これからの10年は「希望」のために

 2010年は、50歳になった人生の節目の年でした。
 22歳で「新聞記者」の仕事に就いて以来、20代、30代、40代と10年を節目にその時々で将来を考えるようになっていました。20代は修行、30代の10年間が現場で記者として何がやれるかの勝負の時間で、その10年間の過ごし方いかんでは40代で転職も―。20代から30代前半のころは、ぼんやりとそんなことを考えていたように思います。

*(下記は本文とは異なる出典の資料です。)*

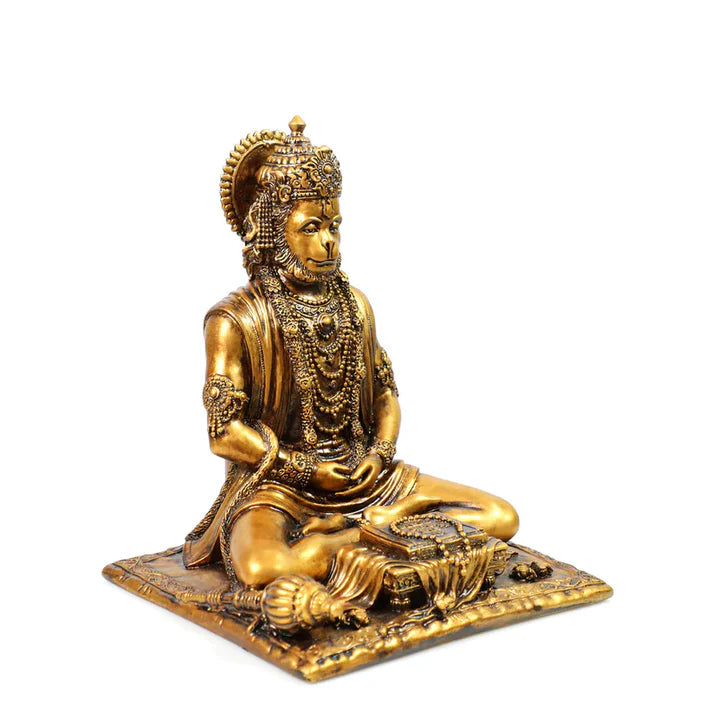 Meditating Lord Hanuman Idol | Bajrang Bali Murti | Hanuman Ji in Meditation Posture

 振り返ってみると、30代までの現場の記者としては「凡庸」のひと言でした。ほかの形容詞が思いつきません。転機は40歳を挟んだ数年間でした。30代の後半で支局デスクに異動となり、自分で取材に走り回るよりは、取材チームを指揮し出稿を組み立てる仕事が中心になりました。その30代の終わりに、組織と個人の関係を考えざるを得なくなる深刻な経験がありました。それまでは決して熱心ではなかった労働組合運動に結果として積極的にかかわるようになったのは、このときの経験が元になっています。少し大袈裟に言えば、企業組織の物差しを離れて、労働組合運動を通じて別の物差しで自分の仕事を見る機会があると気付いたことで、わたしは人間としての存在を保つことができました。

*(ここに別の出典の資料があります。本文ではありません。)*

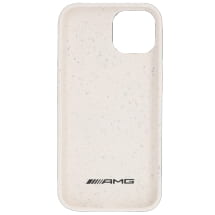 AMG hoesje voor iPhone® 14 wit polyester Original Mercedes-  | B66959749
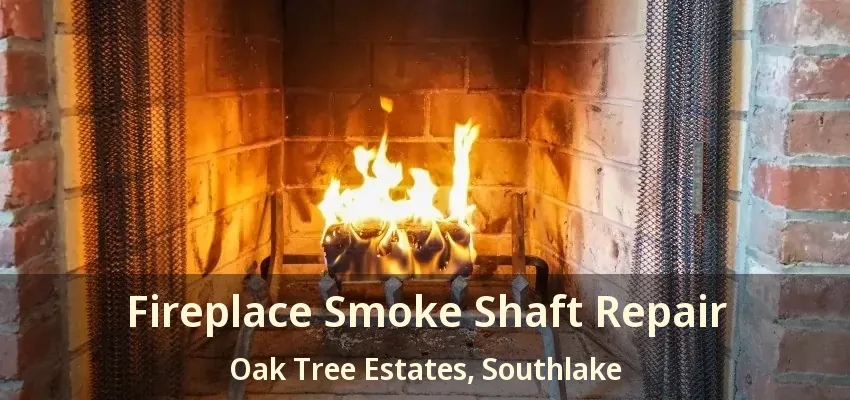 Fireplace Smoke Shaft Repair Oak Tree Estates, Southlake - TX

 40代の前半は、結果としては労働組合運動に全力で取り組みました。企業内労組の専従委員長1年、上部団体の新聞労連の専従委員長2年の通算3年、2回にわたって職場を休職しました。失敗も含めて得難い経験がいくつもあり、人との出会いに恵まれました。復職後、職場では2年前に管理職となり立場は変わりましたが、労働組合についての考え方は今も変わりません。日本の労働組合が、ありようとしては少なくない課題を抱えていることは間違いありませんが、だからと言って、働く者の権利の具現化としての労働組合の原理は否定されるべきではないと思います。働く者すべてが団結権をはじめとした権利を手にできるかどうかは、既にその権利を手にできている人たちが何をするか、どんな支援をするかにかかっていると思います。

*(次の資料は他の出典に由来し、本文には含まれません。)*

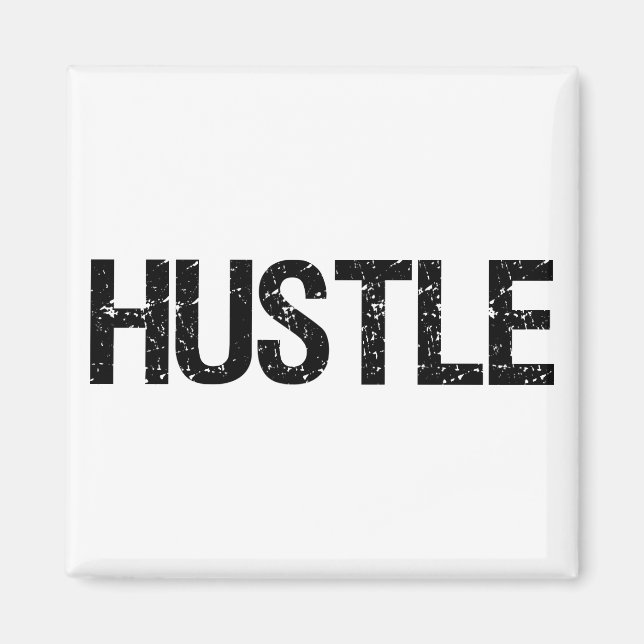 Hustle Magnet (Framsidan)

 さて、40代の10年間はそうやって過ぎ去り、今は50代の入口に立っています。これからどんな10年間を過ごすことになるのか。わたしが身を置く新聞産業はとても10年先を見通せる状況にはありません。企業と個人の関係、そこでの働き方、働かされ方も10年前とはずいぶん変わっていますし、これから10年でさらに変わるのでしょう。何一つ確実なものはありませんが、一つだけ貫いていきたいことがあります。先行世代の一人として、後に続く世代に希望を残すこと、残すために努力することです。ここで言う希望とは、自らの所属企業の生き残りではありません(それを否定するわけではありませんが、経営者の責任です)。自分の仕事が、社会をよくすることに役立っていると実感できることです。くれぐれも自分の残り時間を尺度に考える(平たく言えば「おれの定年まで会社が持ってくれればいい」ということです)ことだけはするまいと思います。